Monday, 2 April 2012

Roses round the door

For the last few days we have been doing outdoor stuff as a change from all the crawling round in the batloft, etc.  The weather has just been so fantastic, it seemed a shame to waste it inside.  I took the thermometer just outside the kitchen door the other lunchtime and it was 25 degrees . . . . in March!  Mind you, it's all changed now and it is really hammering down outside.

We have finally planted the roses that Bob's
dad bought me for my birthday last year.  They
are deep orange, small flowered ones which
should look lovely when they've grown up a bit.
AFTER we'd planted the first one we thought we ought really
to point the wall behind it before it grows.  Bit of a silly way
round to do it I know, but I did I say once that we weren't
too good at forward planning!  My shoulders went pink while
I was doing this . . . March sunburn!
On the other side, we had help from the chickens.  Bob
just tipped the soil in and they did a good job of spreading
it out and levelling it off!
And here's where we're up to now.  Bob has been step-building
again, curved of course.  We have a bench that will sit nicely
between the steps and the kitchen door - ideal for breakfast or
lunch outside.  The ground level will be a bit higher so you
won't see so much of the edging on the plant bits which is made
from the offcuts from our hogsback ridge tiles on the roof for the rounded
corners and cut up floor tiles for the straight bits.
It's quite exciting to see some of the outside coming along at last.  We have some flat pieces of limestone which were used for paving and so we are going to use those outside the kitchen door.  That should be fun because to say they are random is a definite understatement!

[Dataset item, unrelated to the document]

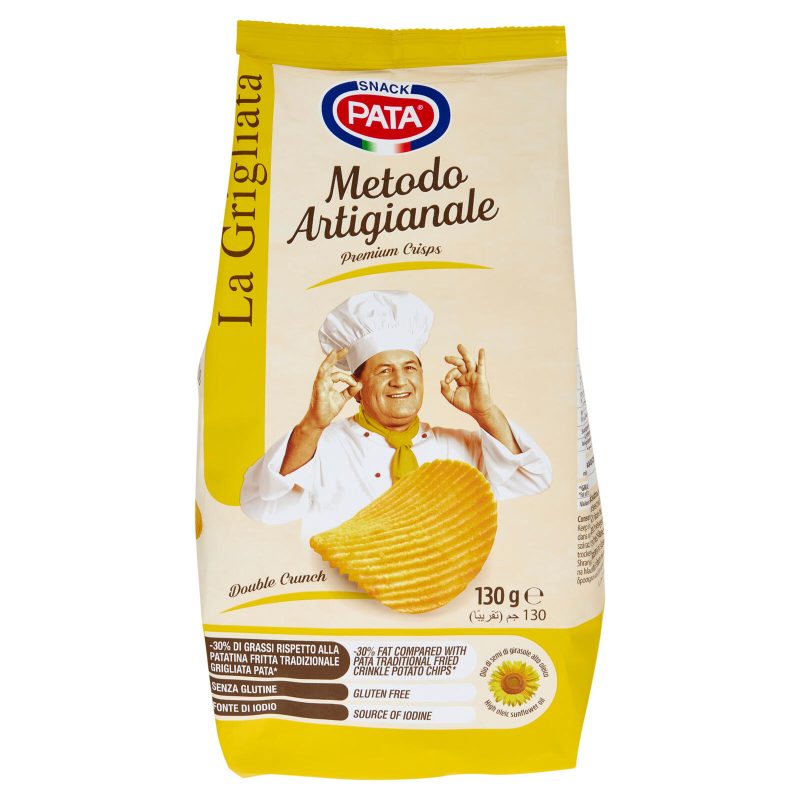 Pata la Grigliata Metodo Artigianale Double Crunch 130 g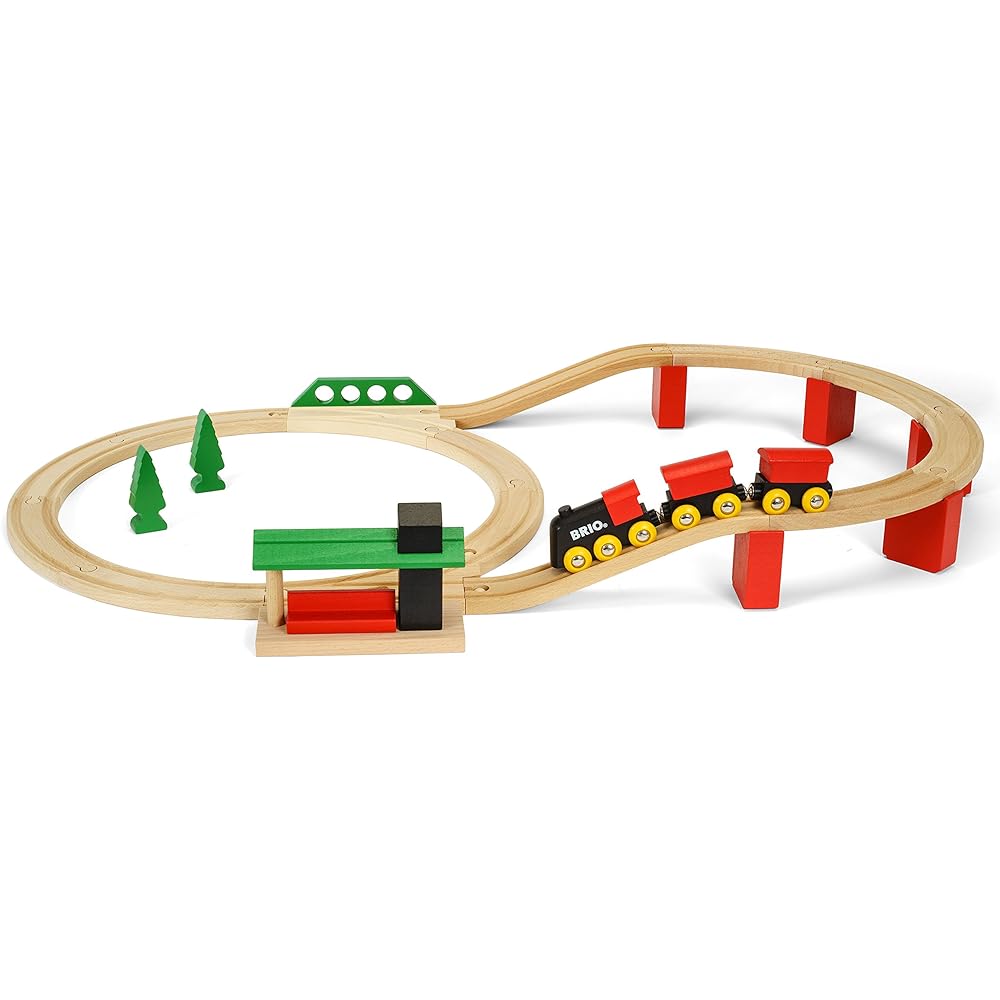 BRIO Classic DX Rail Set 33424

Oh, nearly forgot to tell you - we have got our planning permission through to build the workshop . . . . three weeks early and with no onerous conditions attached.  A-mazing!  We have also had a copy of our Energy Performance Certificate.  There are two main sections to it, one is the energy rating and the other is the environmental impact (or CO2 emissions).  You get a rating for each in a similar way to fridges and washing machines with A being excellent and F being very poor.  They also give you a score for each against a potential score for the type of building it is.  We were within a point of both potential scores which I think is really pretty good, especially when you consider that she forgot about the solar panels which should improve both scores.  We should get the revised certificate with them on tomorrow hopefully.  So, we got a high C for energy and a high D for environmental.  That doesn't sound too brilliant, but for an old cottage it's actually pretty good.  We checked the scores for some purpose built eco homes and they only got Bs.  We also checked an old cottage in a nearby village and that got an F for both!  So, we are quite pleased with all that.